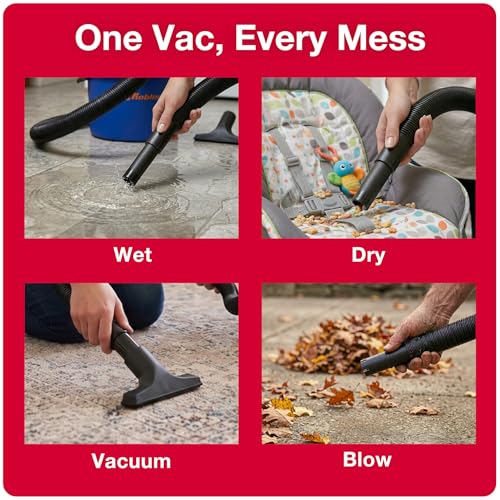 Koblenz WD-2L 2 Gallon 2.0 HP Wet Dry Vacuum Cleaner for Home Garage Car Workshop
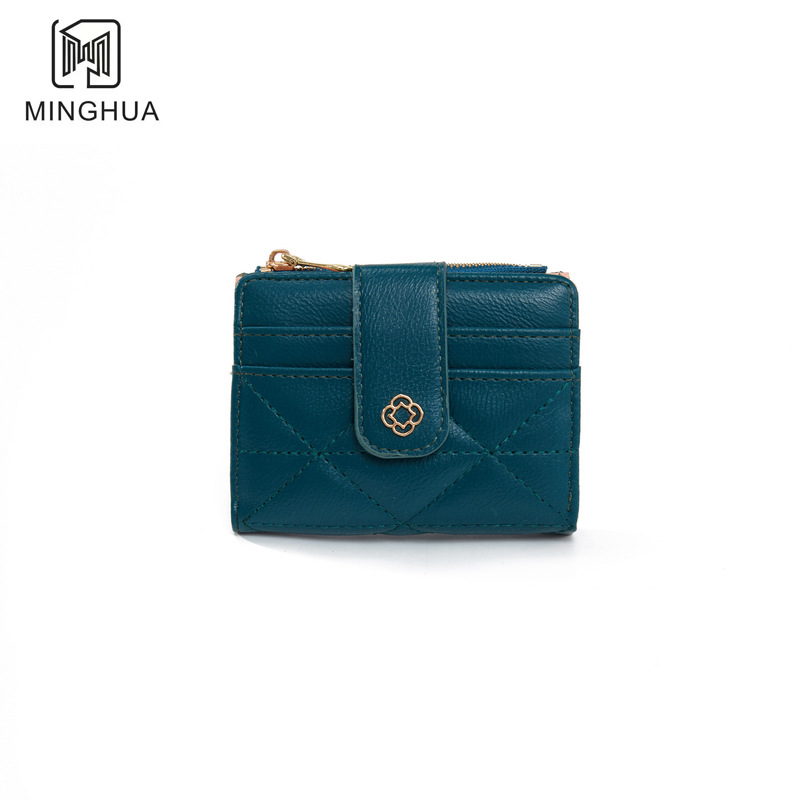 New fashionable bag button wallet, women's diamond-shaped embroidered thread wallet, women's style, high-end feel, short lady's wallet, zero Item Picture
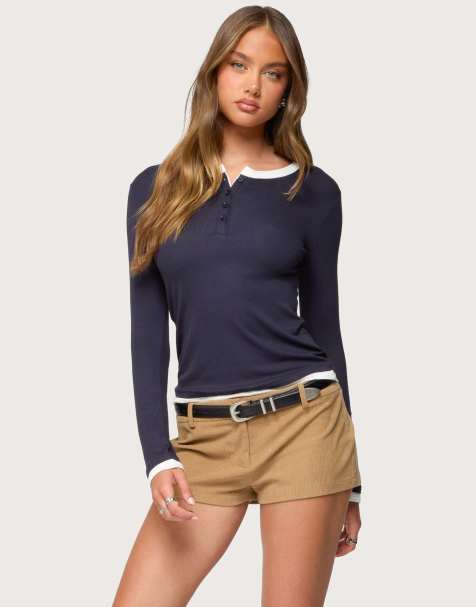 Edikted Contrast layered look henley top in navy - view 1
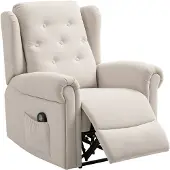 HOMCOM Massage Relaxbank - Linnen - 85x91x103cm - Beige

*What the exercise asks:*
Repeat the whole listing above word for word, but keep any picture out of it.

*Finished task:*
 Koblenz WD-2L 2 Gallon 2.0 HP Wet Dry Vacuum Cleaner for Home Garage Car Workshop
 New fashionable bag button wallet, women's diamond-shaped embroidered thread wallet, women's style, high-end feel, short lady's wallet, zero Item Picture
 Edikted Contrast layered look henley top in navy - view 1
 HOMCOM Massage Relaxbank - Linnen - 85x91x103cm - Beige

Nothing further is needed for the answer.